Como respuesta, él le cogió la mano y la apretó contra su mejilla, dejando que el dulce aroma a lavanda de su muñeca lo calmara. Sin embargo, Thorn había estado en lo cierto, podía oler la sangre que corría por sus venas y se moría de ganas por desgarrarle la muñeca para saborearla.
—¿Puedes llevarme a casa? —jadeó, temeroso de intentarlo con sus propios poderes.
—Claro.
Aimée lo ayudó a levantarse, momento en el que Fang se dio cuenta de que el demonio se había desintegrado. No quedaba de él nada salvo una vaga línea en el suelo. ¿Le pasaría lo mismo a él si moría?
Joder, Thorn, ya podrías habérmelo contado todo, pensó.
Aimée usó sus poderes para volver al dormitorio de Fang, donde lo ayudó a tumbarse en la cama.
—Voy a llamar a Carson.
Él le cogió la mano y la retuvo a su lado.
—No. No puede hacer nada para ayudarme.
—Pero Fang…
—Confía en mí, Aimée. Solo necesito descansar a solas un rato, ¿vale?

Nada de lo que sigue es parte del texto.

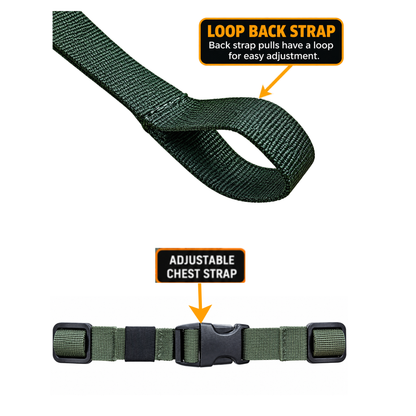 Twisted Iron Hunting BOTTOMLAND: Pack Rat Tree Hugger FULL SEND SYSTEM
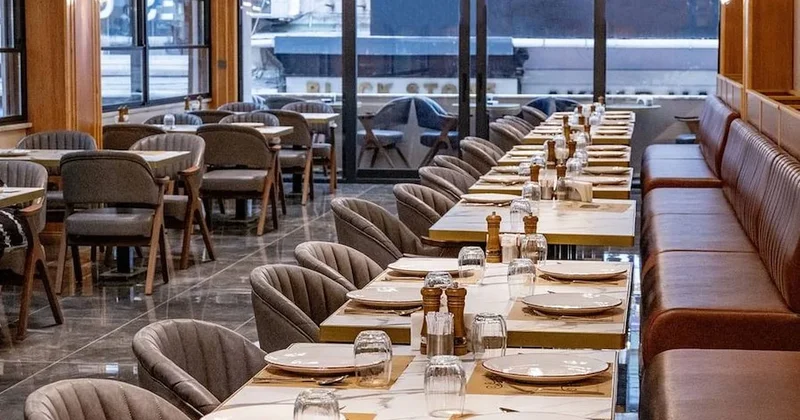 32 yıllık restoran zinciri tası tarağı toplayıp tüm şubelerini kapattı! Sözcü Gazetesi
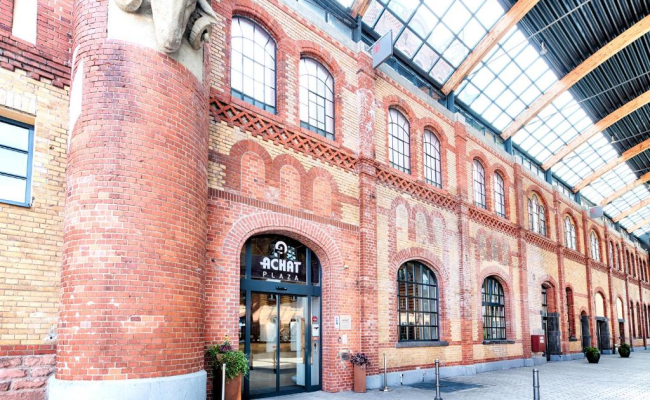 ACHAT Hotel Offenbach Plaza
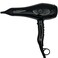 COCCO Lite Pro XL Hair Dryer, Ultra Lightweight, Ionic Intel System, Ceramic Spheres Technology, Professional Performance, Black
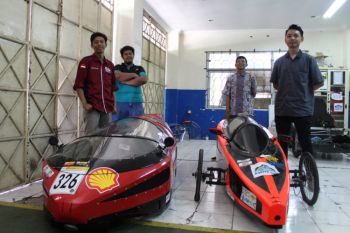 Unnes fokus kembangkan mobil hemat energi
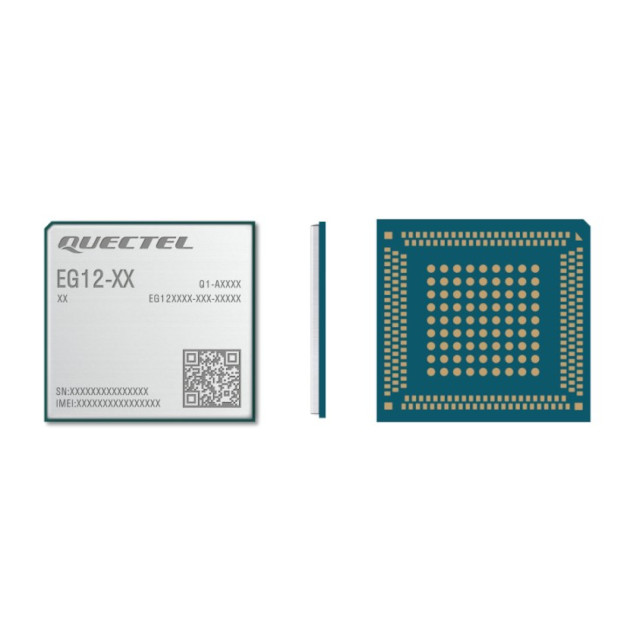 QUECTEL EG12EAPA-512-SGAS MODULE 4G CAT 12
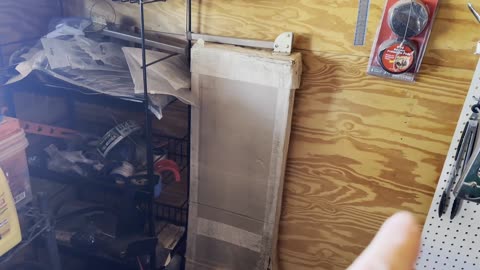 Saloon Shed Solar Project - Part 1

Vio la lucha interna en sus ojos mientras él le apretaba la mano con fuerza.
Al cabo de unos segundos ella asintió.
—Si me necesitas…
—Te llamaré, te lo prometo.
Aimée le dio unas palmaditas en la mano antes de soltarse.
—De acuerdo. Que descanses.
Fang no se relajó hasta que Aimée salió de la estancia. Solo en ese momento se recostó y se dejó llevar por las emociones contradictorias que lo asaltaban. Quería matar a alguien.
O a algo, lo que fuera.
Pero sabía que no podía hacerlo.
El único problema era que no sabía cuánto tiempo iba a poder contener al demonio que llevaba dentro. A juzgar por lo que estaba sintiendo, iba a convertirse en un asesino. En un asesino de verdad.
Y eso, en su mundo, significaba una sentencia de muerte.